Let $X$ be an abelian variety. In this question, that will mean that $X$ is a complex torus $\mathbb C^n / \Lambda$, where $\Lambda \subset \mathbb C^n$ is a lattice, and that $X$ also a projective variety. Does $X$ contain an elliptic curve?
The question comes from thinking about Demailly's definition of algebraic hyperbolicity. He said a projective variety $X$ is algebraically hyperbolic if for every Kahler class $\omega$ on $X$ there exists an $\varepsilon > 0$ such that if $C \subset X$ is a curve and $\widetilde C$ is its normalization we have $$ \varepsilon \leq \frac{g(\widetilde C)}{\deg_\omega C}. $$ Furthermore he proved that an abelian variety is not algebraically hyperbolic (because it admits a nonconstant map from an abelian variety, namely itself).

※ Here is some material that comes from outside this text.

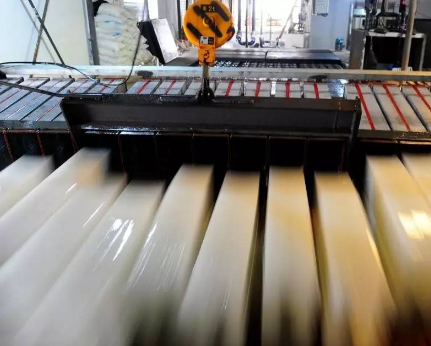 制冰廠工人使用不銹鋼電動葫蘆吊運冰塊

An idea for proving that a variety is not algebraically hyperbolic is to try to come up with a sequence of curves $(C_k)$ on $X$ such that $g(\widetilde C_k) / \deg_\omega C_k \to 0$. I'm wondering whether this works at all, or whether this ratio is generally bounded away from $0$ for curves that aren't simply rational or elliptic. If there exists an abelian variety that doesn't contain an elliptic curve, this idea must work sometimes.